31 minutos de disco. Basicamente o tempo que levo pra passear com o meu cachorro e um pouco a menos do que o álbum que antecedeu este, o One Wayne G, com 199 músicas. Eis que 10 segundos de Shining foram o suficiente pra evocar os momentos líricos e vocais mais vulneráveis de Elliot Smith, me lembrar da linda melodia de When We Are Together do The 1975 e me suplicar por um pouco de atenção. Nada demais, apenas se eu pudesse lhe dar mesmo.
Mas tinha algo ali, naquele rápido espaço de tempo, que me fez recobrar minha consciência. Me tirou do piloto automático.
Guitar é de uma simplicidade brutal. De uma palpabilidade musical que se encontraria apenas em uma pequena Jam caseira e despreocupada. São 3 ou 4 instrumentos por música, acompanhados de letras com a pessoalidade de um diário que você esconde de todos os amigos, menos do seu cachorro.
Grayson Haver Currin foi muito pontual quando versou em seu texto sobre o artista: Se você vivesse em uma cena de qualquer tamanho, você conhecia um Mac DeMarco, talvez até fosse um.
Um cara qualquer, com um par de Vans extremamente gasto nos pés, sonhos tão mundanos quanto decidir escovar os dentes antes ou depois de tomar café da manhã e um senso de autorepreensão demasiadamente forte e romântico. Acima de tudo, uma necessidade inconsciente de ser alcançável.
Quanto mais distante do protótipo de estrela musical concebido pela mídia normal, assim como do estereótipo que lhe foi determinado pelos seus próprios fãs, mais perto ele se encontra de onde parece querer estar (These days, I'd much rather be on my own, No more walking those streets, that I once called my home - Home). Quanto mais ele aceita que seus fantasmas só vão o seguir se ele quiser, menos combativo fica (Your phantom sits with me, When I'm all alone, I love you still - Phantom), e com olhos mais otimistas passa a enxergar seu próprio processo, seja lá qual for.

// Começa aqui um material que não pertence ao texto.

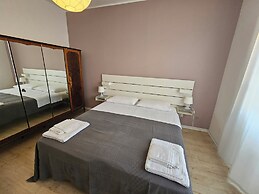 B&B Via Nazionale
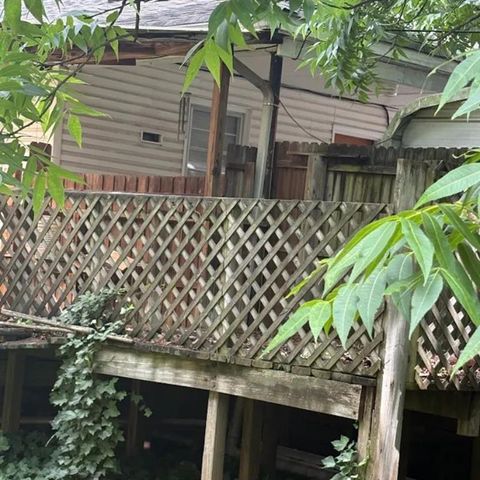 623 Dunton Circle SE, Smyrna, GA 30082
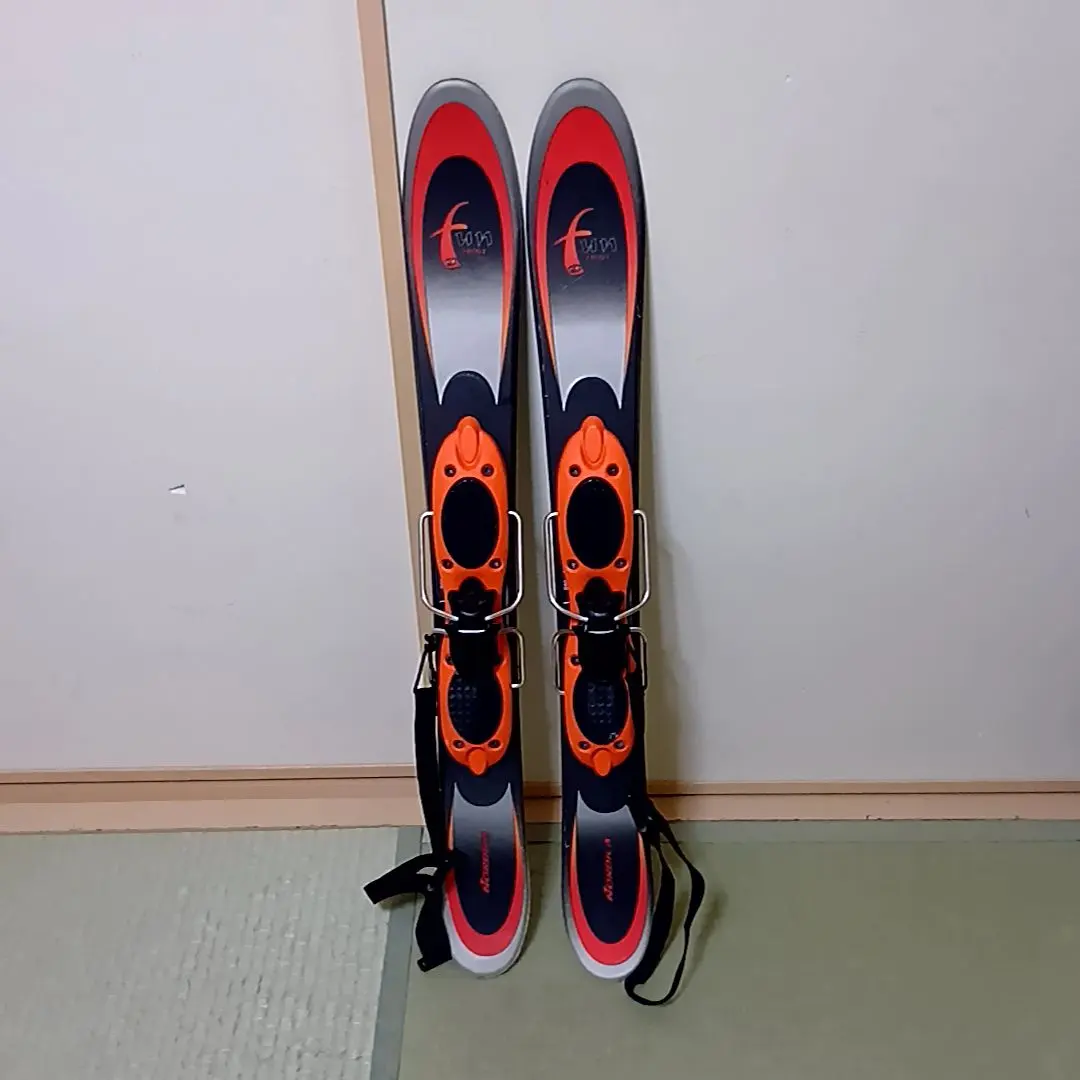 2026年最新】fun drive nordicaの人気アイテム - メルカリ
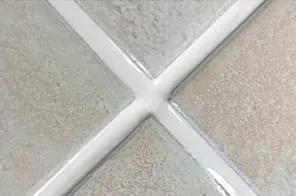 德高炫彩美缝剂咋样,德高美缝剂哪里产的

Essa é a questão com Mac DeMarco. Seja através da linda composição harmônica de Nightmare - uma carta de agradecimento a sua esposa - ou do folk contemplativo Knockin, ele não pede palco, apenas por espaço. Quem quiser entrar é muito bem vindo.
Fazia tempo que eu não parava. Não como fuga, mas como escolha. Perceber onde estou, com quem vou, e quem sou. Guitar, em sua simplicidade extrema, do seu título às suas composições, com os vocais por vezes sonolentos e suas melodias propositalmente repetitivas, me lembra da minha humanidade. Me lembra do meu medo de mudar e ao mesmo tempo da minha insegurança em permanecer. E que sempre vai existir um passado cheio de culpa e um futuro que implica em ainda mais erros (Rooster).
Tudo isso é normal. Não há necessidade de correr deles.